* YOUR INSTRUCTIONS
How do the lines below between the ones holding "buy-mountain-horned-chameleon.jpg" and "Communal lounge/ TV", inclusive, read? Give them again exactly, with no other lines.

START GIVEN INFORMATION

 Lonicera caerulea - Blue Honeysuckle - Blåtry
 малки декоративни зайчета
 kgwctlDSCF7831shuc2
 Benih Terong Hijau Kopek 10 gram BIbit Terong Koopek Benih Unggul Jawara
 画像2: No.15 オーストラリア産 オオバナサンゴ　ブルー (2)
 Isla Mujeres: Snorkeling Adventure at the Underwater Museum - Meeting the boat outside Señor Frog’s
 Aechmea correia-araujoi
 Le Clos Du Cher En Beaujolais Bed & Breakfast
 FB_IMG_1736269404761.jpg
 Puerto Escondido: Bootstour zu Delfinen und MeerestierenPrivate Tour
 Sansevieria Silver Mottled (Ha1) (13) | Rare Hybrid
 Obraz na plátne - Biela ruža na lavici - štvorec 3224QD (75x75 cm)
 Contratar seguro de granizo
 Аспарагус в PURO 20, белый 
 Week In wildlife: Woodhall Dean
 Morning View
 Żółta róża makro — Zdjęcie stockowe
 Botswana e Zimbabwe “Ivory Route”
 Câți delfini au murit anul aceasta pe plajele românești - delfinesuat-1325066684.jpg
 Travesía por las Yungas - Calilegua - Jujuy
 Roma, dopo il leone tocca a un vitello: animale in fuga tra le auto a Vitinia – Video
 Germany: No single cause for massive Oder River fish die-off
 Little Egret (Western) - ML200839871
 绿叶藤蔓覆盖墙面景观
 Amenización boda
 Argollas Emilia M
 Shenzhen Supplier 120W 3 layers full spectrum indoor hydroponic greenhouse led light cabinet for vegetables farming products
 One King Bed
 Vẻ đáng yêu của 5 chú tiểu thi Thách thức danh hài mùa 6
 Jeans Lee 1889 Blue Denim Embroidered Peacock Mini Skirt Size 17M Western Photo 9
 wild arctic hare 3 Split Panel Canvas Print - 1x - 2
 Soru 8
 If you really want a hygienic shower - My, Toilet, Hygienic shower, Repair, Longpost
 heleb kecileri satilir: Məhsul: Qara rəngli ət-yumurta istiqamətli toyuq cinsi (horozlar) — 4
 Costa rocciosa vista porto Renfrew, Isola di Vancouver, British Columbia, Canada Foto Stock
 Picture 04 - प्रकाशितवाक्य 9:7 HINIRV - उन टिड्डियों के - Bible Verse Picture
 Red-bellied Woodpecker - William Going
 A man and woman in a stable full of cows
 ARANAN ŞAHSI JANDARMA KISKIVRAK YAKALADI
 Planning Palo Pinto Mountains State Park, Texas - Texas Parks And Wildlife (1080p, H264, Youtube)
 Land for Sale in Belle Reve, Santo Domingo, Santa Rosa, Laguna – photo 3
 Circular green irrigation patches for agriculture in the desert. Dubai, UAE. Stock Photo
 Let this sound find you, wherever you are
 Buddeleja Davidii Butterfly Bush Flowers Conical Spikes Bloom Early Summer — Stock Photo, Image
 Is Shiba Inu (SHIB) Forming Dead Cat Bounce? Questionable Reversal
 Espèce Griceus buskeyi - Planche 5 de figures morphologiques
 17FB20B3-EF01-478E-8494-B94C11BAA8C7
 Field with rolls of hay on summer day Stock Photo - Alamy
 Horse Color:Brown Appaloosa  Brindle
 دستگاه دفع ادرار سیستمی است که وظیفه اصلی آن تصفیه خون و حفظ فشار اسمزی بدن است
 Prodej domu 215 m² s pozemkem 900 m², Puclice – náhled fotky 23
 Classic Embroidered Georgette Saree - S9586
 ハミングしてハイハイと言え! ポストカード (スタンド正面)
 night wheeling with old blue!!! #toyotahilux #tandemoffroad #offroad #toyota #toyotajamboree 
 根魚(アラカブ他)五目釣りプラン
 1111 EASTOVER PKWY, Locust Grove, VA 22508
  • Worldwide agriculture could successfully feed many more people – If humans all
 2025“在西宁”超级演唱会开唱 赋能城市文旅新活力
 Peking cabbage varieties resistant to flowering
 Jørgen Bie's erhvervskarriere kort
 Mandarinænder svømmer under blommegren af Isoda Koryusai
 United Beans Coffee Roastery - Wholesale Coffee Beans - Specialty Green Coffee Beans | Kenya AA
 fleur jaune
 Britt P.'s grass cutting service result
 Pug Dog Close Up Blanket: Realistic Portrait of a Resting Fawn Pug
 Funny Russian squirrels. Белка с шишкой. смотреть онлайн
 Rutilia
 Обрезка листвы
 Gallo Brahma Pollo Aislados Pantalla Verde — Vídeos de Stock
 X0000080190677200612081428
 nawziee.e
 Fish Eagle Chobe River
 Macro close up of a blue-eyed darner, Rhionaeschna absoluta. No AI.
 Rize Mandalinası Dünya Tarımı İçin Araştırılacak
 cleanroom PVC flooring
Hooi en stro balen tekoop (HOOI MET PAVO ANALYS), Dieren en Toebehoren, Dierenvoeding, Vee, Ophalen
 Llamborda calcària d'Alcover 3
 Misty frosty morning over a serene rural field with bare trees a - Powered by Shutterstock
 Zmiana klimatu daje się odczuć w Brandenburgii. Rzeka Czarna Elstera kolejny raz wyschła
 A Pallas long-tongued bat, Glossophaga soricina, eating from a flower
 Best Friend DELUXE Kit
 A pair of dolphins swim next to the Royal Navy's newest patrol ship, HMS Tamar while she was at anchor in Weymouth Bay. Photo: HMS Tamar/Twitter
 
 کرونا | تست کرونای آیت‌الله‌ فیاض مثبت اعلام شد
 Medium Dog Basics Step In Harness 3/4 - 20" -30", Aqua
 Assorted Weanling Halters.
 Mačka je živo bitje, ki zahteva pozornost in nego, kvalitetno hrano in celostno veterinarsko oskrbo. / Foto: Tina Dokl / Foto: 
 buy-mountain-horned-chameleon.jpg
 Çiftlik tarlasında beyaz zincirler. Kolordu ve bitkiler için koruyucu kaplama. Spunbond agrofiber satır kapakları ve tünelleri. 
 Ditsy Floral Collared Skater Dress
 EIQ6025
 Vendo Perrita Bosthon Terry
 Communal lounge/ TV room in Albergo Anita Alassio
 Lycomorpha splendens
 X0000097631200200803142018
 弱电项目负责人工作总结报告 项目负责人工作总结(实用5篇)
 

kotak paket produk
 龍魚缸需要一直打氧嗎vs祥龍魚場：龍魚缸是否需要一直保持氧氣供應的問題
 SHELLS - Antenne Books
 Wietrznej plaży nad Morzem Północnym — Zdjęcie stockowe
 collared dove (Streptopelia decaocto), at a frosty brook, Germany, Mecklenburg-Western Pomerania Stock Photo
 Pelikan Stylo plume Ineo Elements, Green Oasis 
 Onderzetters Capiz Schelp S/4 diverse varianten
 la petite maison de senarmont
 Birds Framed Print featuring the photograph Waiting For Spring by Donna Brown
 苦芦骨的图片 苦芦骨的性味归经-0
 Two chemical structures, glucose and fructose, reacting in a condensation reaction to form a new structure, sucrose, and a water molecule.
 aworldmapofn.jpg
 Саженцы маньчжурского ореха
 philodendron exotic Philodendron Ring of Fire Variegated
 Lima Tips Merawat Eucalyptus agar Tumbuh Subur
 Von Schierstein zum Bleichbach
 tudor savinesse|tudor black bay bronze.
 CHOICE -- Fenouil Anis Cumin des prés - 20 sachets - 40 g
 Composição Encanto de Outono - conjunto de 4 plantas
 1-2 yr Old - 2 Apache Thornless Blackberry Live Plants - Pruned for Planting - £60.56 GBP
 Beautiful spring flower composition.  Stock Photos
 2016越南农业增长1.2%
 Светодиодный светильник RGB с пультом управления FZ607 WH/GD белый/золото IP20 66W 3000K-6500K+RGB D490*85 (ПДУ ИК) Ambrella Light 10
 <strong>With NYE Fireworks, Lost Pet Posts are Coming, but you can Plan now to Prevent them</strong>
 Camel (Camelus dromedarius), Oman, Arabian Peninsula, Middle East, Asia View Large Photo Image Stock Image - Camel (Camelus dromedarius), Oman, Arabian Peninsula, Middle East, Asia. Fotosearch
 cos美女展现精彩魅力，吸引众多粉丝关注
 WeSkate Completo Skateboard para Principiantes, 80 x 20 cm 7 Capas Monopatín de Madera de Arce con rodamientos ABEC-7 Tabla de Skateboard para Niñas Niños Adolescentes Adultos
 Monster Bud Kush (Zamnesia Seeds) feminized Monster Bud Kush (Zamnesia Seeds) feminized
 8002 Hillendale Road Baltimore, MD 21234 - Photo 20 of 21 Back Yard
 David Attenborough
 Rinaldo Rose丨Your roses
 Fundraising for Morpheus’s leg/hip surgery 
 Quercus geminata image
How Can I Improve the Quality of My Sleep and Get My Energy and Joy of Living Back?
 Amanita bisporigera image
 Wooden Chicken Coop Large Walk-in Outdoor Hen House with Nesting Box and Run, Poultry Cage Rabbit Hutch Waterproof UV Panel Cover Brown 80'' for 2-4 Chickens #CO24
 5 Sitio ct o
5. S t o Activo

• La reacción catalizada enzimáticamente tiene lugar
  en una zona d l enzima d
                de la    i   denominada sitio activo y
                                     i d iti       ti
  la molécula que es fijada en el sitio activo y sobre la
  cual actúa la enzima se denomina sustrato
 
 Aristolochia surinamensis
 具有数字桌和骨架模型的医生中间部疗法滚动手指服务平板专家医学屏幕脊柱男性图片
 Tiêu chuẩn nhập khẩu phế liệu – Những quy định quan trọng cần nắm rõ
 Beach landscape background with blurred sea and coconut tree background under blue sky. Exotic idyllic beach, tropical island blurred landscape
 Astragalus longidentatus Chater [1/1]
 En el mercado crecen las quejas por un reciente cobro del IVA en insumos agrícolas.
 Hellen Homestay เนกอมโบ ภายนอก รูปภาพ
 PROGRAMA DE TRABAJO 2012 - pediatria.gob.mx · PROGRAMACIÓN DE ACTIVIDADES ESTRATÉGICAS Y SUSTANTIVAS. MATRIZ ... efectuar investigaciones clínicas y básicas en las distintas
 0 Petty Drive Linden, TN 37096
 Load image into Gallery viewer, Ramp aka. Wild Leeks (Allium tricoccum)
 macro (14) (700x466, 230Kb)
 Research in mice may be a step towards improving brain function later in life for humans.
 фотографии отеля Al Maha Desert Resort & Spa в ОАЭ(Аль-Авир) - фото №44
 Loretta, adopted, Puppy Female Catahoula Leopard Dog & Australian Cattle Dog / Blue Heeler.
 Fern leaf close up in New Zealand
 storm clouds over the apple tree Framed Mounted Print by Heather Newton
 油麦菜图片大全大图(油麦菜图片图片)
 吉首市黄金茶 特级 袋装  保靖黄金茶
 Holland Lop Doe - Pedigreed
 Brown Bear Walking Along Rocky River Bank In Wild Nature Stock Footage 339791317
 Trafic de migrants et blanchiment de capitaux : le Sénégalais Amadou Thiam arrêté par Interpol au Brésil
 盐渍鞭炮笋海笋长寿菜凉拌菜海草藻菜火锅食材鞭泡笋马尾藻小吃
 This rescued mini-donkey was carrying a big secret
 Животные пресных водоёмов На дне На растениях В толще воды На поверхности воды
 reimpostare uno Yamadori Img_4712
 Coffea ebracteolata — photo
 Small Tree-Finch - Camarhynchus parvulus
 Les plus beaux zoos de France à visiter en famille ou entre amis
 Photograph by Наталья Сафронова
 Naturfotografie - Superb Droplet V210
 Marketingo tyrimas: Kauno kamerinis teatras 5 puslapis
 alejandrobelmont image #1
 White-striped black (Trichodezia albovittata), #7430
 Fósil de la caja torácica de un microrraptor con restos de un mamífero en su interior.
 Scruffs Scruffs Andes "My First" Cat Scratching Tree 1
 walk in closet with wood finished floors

END GIVEN INFORMATION

* PROBLEM SOLUTION
 buy-mountain-horned-chameleon.jpg
 Çiftlik tarlasında beyaz zincirler. Kolordu ve bitkiler için koruyucu kaplama. Spunbond agrofiber satır kapakları ve tünelleri. 
 Ditsy Floral Collared Skater Dress
 EIQ6025
 Vendo Perrita Bosthon Terry
 Communal lounge/ TV room in Albergo Anita Alassio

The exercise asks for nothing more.